Syria opposition demands urgent U.N. probe into alleged chemical attacks
In Paris, French Foreign Minister Laurent Fabius said the international community needed to respond with force if the allegations that the Syrian government was responsible for a chemical attack on civilians proved true, although there was no question of sending troops on the ground.
Syrian President Bashar al-Assad's forces have continued a heavy bombardment of the ring of rebel-held suburbs around the capital, known as the Ghouta region, which activists say will further hinder U.N. investigators from entering the area, only a few kilometers from where the team's Damascus hotel.

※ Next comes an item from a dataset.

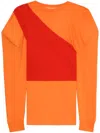 Enföld Colour-block Asymmetric Cotton Blouse In Orange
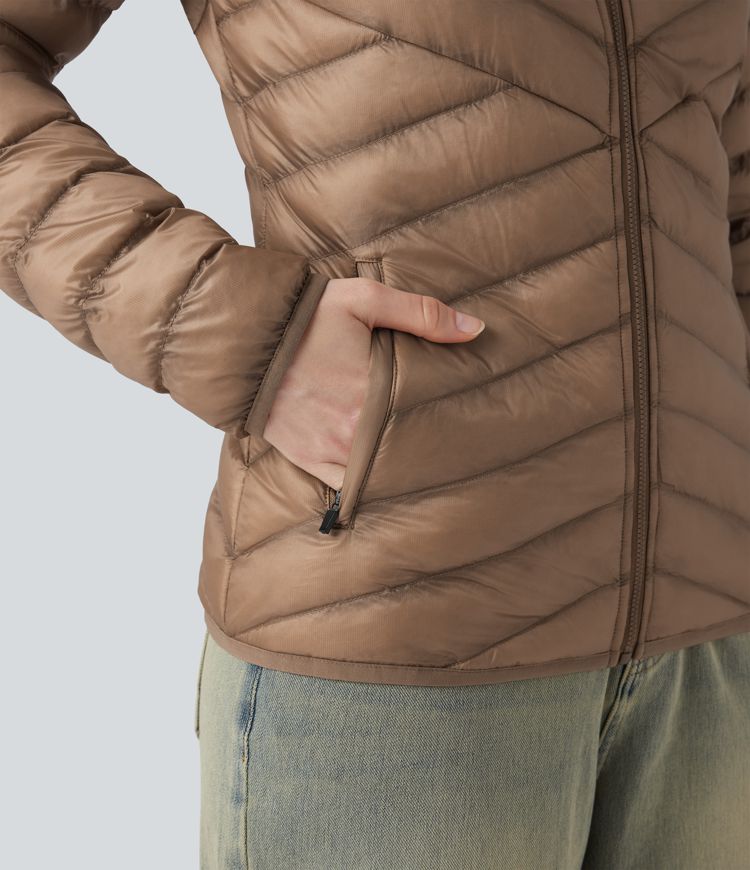 Veste matelassée décontractée compactable col montant à manches longues et zip avec poches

"We are asking for this team to go directly, with complete freedom ... to the site of the crimes which took place yesterday," George Sabra, a prominent member of the umbrella opposition's National Coalition, told Reuters.
He said the U.N. Security Council should amend the mission of the team, tasked with investigating a few sites of previous alleged chemical attacks, to give it the right to visit any site.
"But we are doubtful because the mission of these experts is constrained by the Syrian regime, limited to a few areas which it will take them to," he said by telephone.
With Wednesday's death toll estimated between 500 and 1,300, what would be the world's most lethal chemical weapons attack since the 1980s prompted an emergency meeting of the U.N. Security Council in New York. Syrian authorities have denied the army used chemical weapons.